Action item:
In the material below, how many lines contain "Picture"? Answer with the number alone.

Input:
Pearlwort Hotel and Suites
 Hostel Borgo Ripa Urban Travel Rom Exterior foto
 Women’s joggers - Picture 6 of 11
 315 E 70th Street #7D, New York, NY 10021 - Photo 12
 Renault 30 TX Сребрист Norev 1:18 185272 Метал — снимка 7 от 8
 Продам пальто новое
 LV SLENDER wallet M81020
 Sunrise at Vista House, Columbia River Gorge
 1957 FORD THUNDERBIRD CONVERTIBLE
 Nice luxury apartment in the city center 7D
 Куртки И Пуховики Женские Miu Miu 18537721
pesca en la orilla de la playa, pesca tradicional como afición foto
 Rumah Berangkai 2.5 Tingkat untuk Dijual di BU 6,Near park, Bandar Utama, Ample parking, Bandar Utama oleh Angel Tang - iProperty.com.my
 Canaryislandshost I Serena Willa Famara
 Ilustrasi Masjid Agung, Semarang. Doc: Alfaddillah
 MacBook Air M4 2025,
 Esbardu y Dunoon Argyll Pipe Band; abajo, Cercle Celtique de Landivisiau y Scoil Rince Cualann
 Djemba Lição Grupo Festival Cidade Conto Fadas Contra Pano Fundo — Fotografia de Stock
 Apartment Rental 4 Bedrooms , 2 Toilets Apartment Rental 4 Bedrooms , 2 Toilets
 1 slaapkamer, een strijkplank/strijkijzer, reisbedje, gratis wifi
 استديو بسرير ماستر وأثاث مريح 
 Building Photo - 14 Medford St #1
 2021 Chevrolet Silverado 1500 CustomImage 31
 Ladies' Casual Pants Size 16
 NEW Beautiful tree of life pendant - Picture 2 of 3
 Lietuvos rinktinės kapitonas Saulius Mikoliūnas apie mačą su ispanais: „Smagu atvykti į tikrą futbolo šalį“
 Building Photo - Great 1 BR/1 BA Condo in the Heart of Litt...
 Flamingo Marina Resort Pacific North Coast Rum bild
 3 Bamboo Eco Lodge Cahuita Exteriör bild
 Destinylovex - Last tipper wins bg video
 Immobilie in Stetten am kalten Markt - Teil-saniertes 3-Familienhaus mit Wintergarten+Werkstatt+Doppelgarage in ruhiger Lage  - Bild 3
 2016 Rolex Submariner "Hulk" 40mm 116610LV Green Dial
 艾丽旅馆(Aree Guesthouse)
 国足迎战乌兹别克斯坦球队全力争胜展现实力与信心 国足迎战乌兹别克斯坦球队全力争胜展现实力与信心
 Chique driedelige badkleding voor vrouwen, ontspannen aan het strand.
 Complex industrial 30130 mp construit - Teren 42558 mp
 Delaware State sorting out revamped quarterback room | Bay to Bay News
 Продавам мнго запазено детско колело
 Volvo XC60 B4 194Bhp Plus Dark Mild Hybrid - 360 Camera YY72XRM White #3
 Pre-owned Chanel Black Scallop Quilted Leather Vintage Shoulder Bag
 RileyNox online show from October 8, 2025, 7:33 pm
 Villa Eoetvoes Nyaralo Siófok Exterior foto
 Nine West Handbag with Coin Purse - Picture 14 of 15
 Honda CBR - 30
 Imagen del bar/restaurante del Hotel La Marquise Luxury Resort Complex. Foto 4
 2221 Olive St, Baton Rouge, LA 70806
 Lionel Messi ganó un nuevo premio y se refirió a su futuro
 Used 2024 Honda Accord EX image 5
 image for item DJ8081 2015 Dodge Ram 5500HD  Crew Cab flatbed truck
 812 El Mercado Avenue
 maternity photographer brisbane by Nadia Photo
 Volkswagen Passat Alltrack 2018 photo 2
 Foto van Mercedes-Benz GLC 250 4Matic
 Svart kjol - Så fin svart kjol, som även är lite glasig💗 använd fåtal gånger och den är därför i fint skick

Response to this task:
3